Sur la garantie des sociétés Allianz et SMABTP
S’agissant de l’assurance décennale obligatoire, la garantie n’est pas déclenchée par la réclamation mais par l’ouverture du chantier pendant la période de validité du contrat. En revanche, s’agissant des dommages relevant de l’assurance facultative, il convient de rechercher si le contrat d’assurance a été souscrit en base fait dommageable ou en base réclamation.
La SMABTP, recherchée en tant qu’assureur de la société ETS Ryo, soulève le fait que les réclamations de Mme [J]-[T] sont antérieures au 1er janvier 2017, date de la prise d’effet de son contrat, de sorte que la condamnation à ce titre de la SMABTP se heurte à une contestation sérieuse.
Dans ces conditions, c’est à juste titre que le premier juge a retenu que seule la société ETS Ryo était tenue au règlement des provisions allouées dès lors qu’il existait un débat au fond sur l’interprétation des dispositions contractuelles liant la société ETS Ryo à ses assureurs respectifs.
Sur la provision ad litem
Au vu de l’absence d’évolution du litige, dès lors qu’au regard du décompte présentée par Mme [J]-[T] les frais dont elle fait état ont déjà été déboursés, la demande de provision ad litem n’apparaît pas fondée.
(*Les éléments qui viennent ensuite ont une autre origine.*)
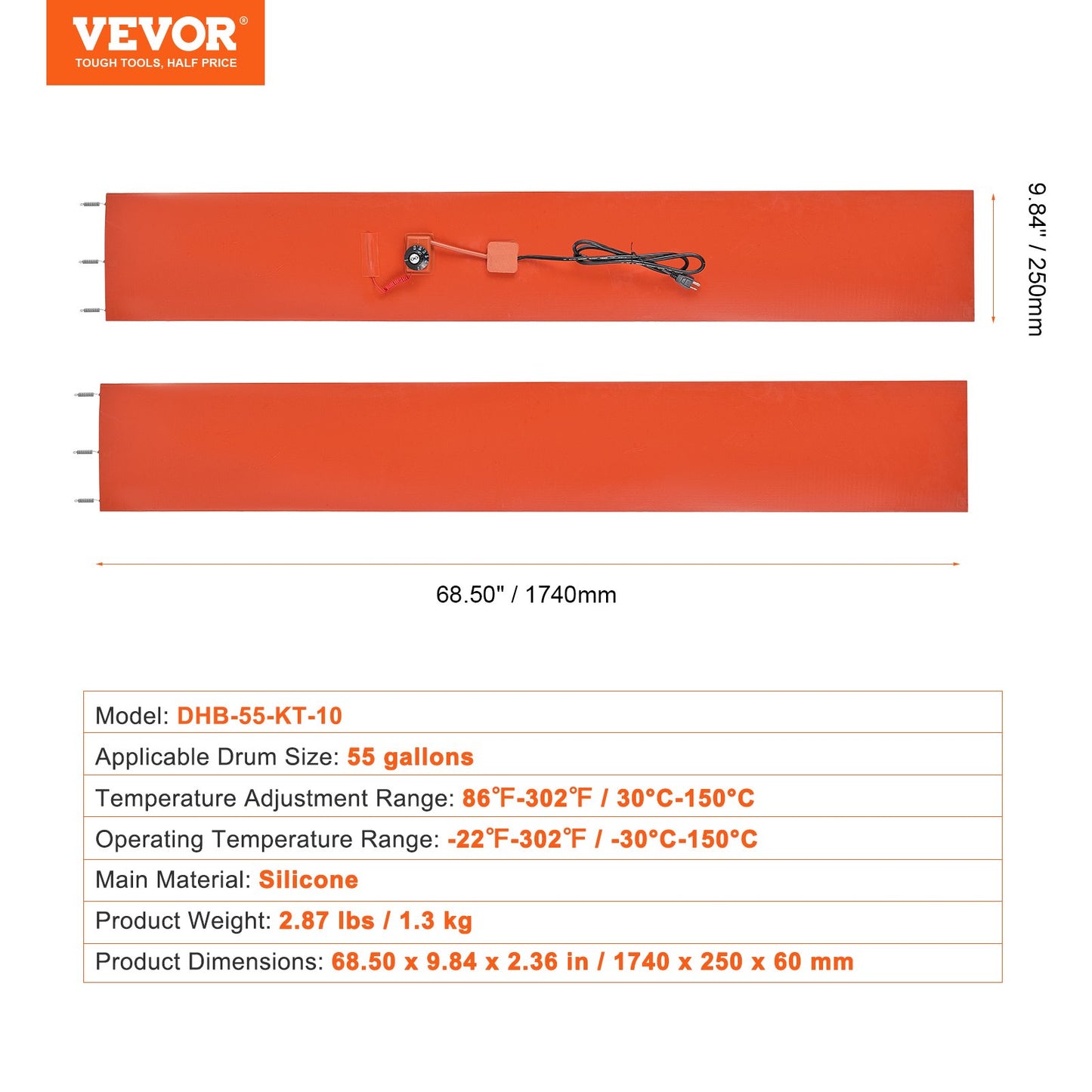 208.2 L Metal Drum Heater 1200 Watt 25.4 cm Width, 30-150°C Adjustable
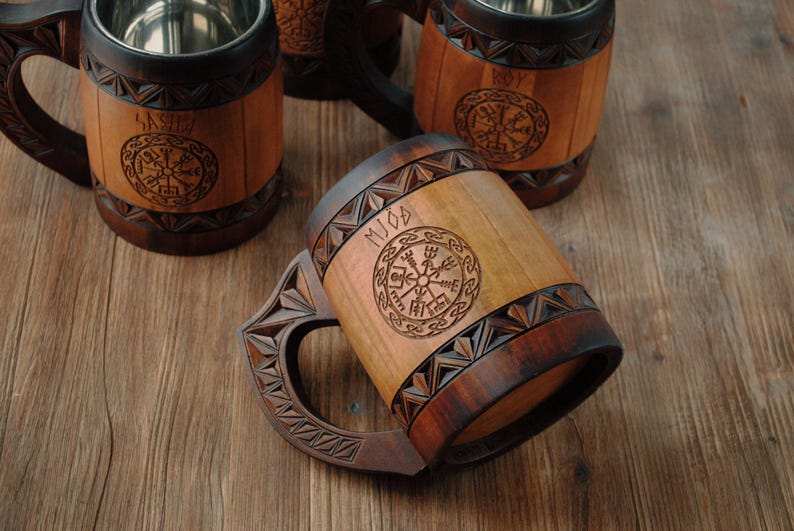 Norse Wooden Beer Mug: Vegvisir Viking tankard, 5 anniversary for him 画像 6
L’ordonnance déférée sera confirmée.
Sur les mesures accessoires
Les dispositions prononcées par le juge des référés au titre des frais irrépétibles et des dépens sont confirmées.
Partie succombante à la présente instance, la société ETS Ryo sera condamnée aux dépens d’appel.
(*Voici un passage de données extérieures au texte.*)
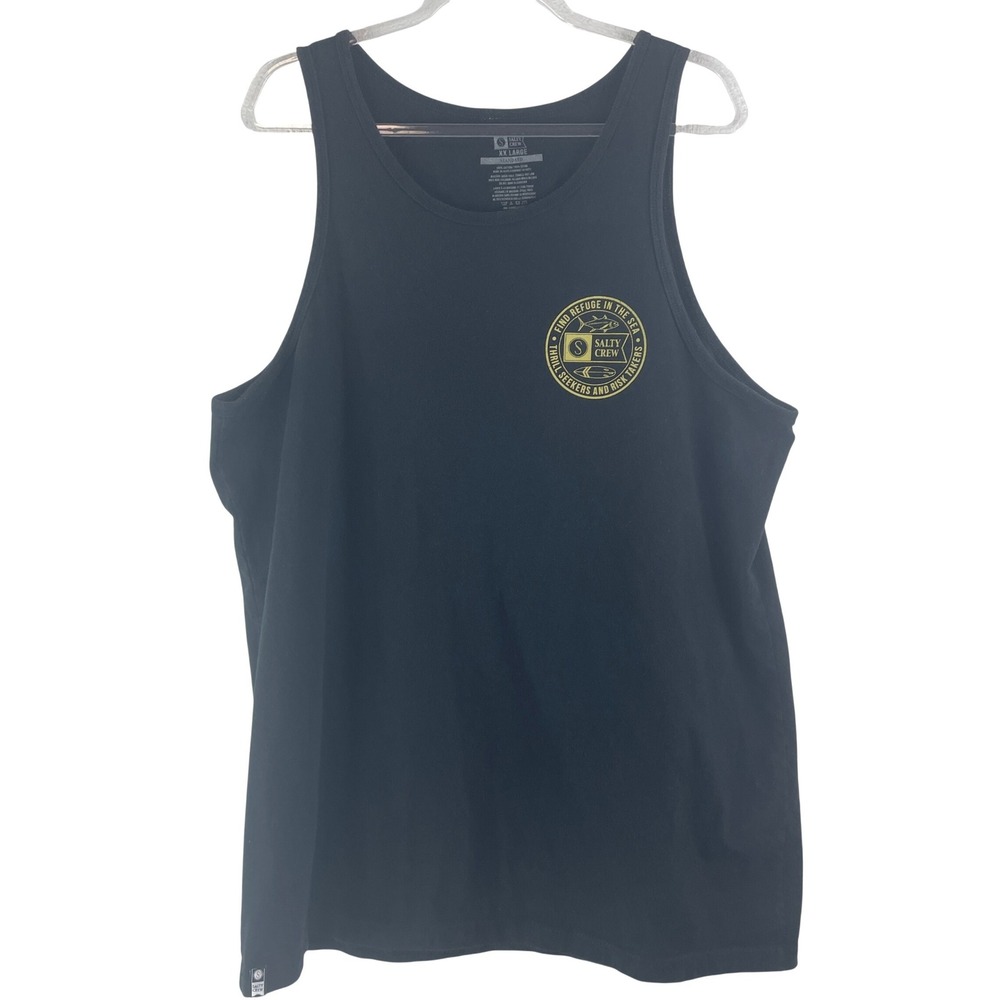 Salty Crew Tank Top XXL Black Find Refuge In The Sea Surf Skate Fishing Graphic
Il est équitable de dire que chaque partie conservera la charge de ses propres frais irrépétibles sur le fondement de l’article 700 du code de procédure civile en cause d’appel.
Il convient de rejeter les demandes formées au titre de l’article 700 du code de procédure civile par la société ETS Ryo et la société Allianz IARD.
PAR CES MOTIFS
La cour, statuant publiquement, contradictoirement,
Confirme l’ordonnance déférée, sauf en ce qui concerne la provision allouée pour préjudice immatériel,
Statuant à nouveau de ce chef infirmé,
Déboute Mme [R] [J]-[T] de sa demande au titre de la provision pour préjudice immatériel ;
Déboute les parties de leurs autres demandes plus amples ou contraires ;
Dit que chaque partie conservera la charge de ses propres frais irrépétibles sur le fondement de l’article 700 du code de procédure civile en cause d’appel ;
Condamne la société ETS Ryo aux dépens d’appel.